— REQUIREMENT —
The reply should be an exact repeat of the listing, with no pictures in it.

— STORED DATA —
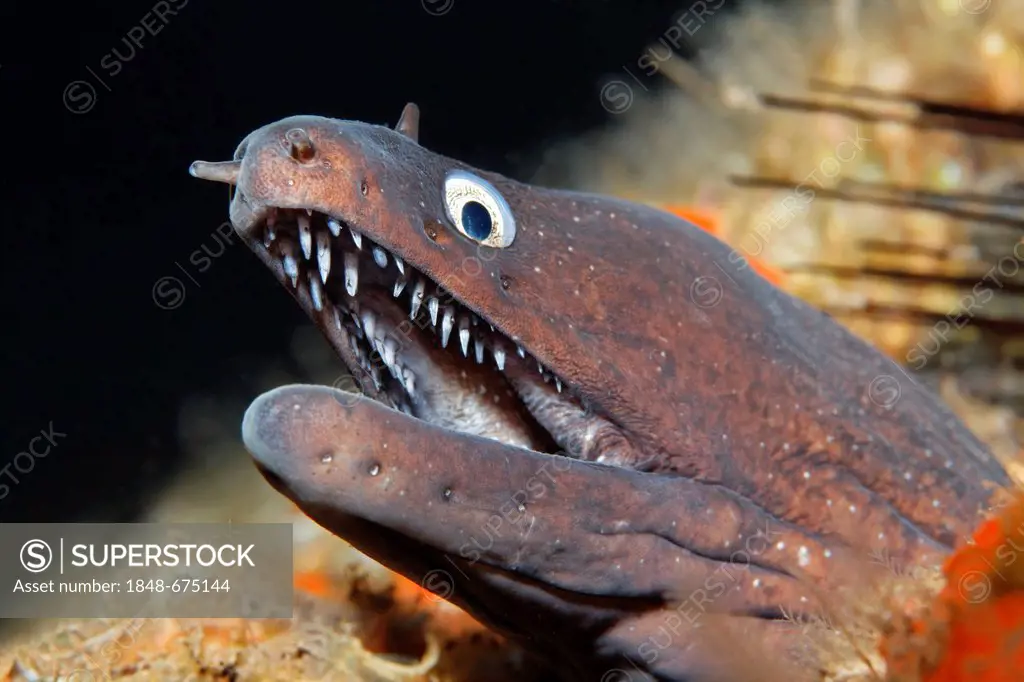 Dotted moray or Moray Eel (Muraena augusti) looking out of its hideout, Madeira, Portugal, Europe, Atlantic, Ocean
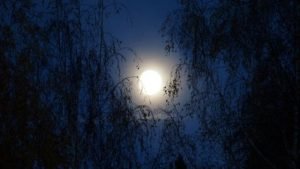 Moon Inspiring Love Poem by Alexandra Vasiliu, Author of BLOOMING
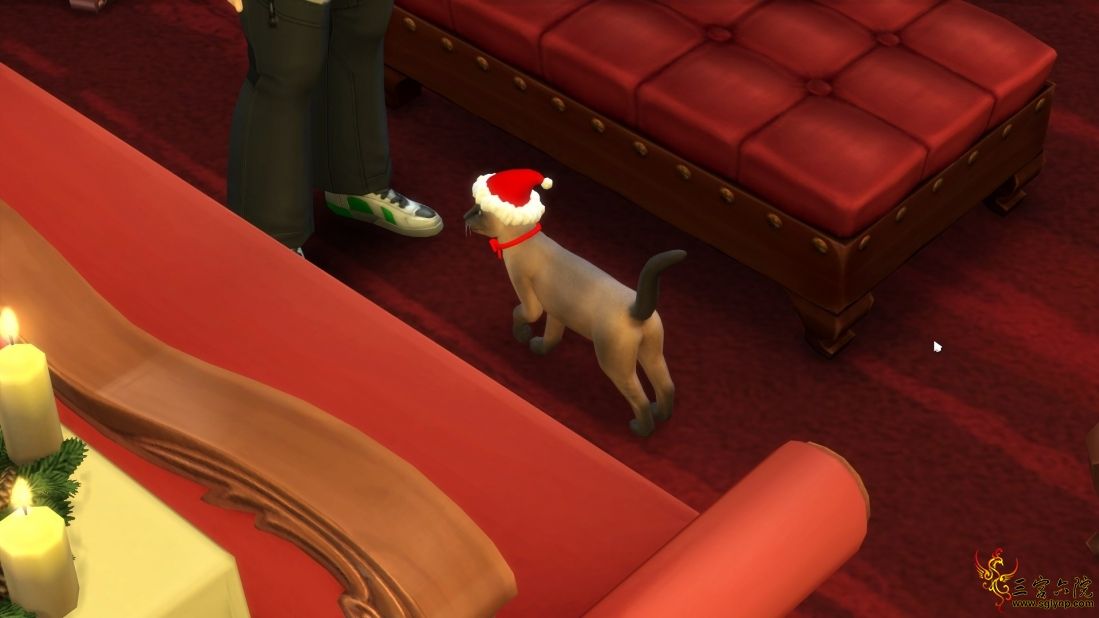 TS4_x64_2019-12-17_19-15-01.jpg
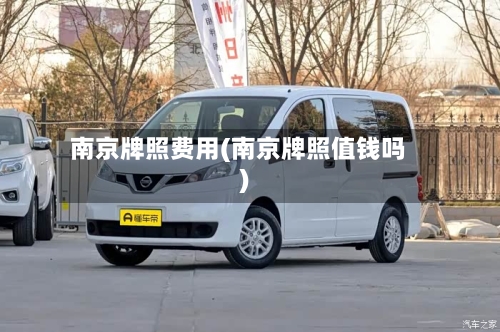 南京牌照费用(南京牌照值钱吗)-第2张图片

— ANSWER TO THE PROBLEM —
 Dotted moray or Moray Eel (Muraena augusti) looking out of its hideout, Madeira, Portugal, Europe, Atlantic, Ocean
 Moon Inspiring Love Poem by Alexandra Vasiliu, Author of BLOOMING
 TS4_x64_2019-12-17_19-15-01.jpg
 南京牌照费用(南京牌照值钱吗)-第2张图片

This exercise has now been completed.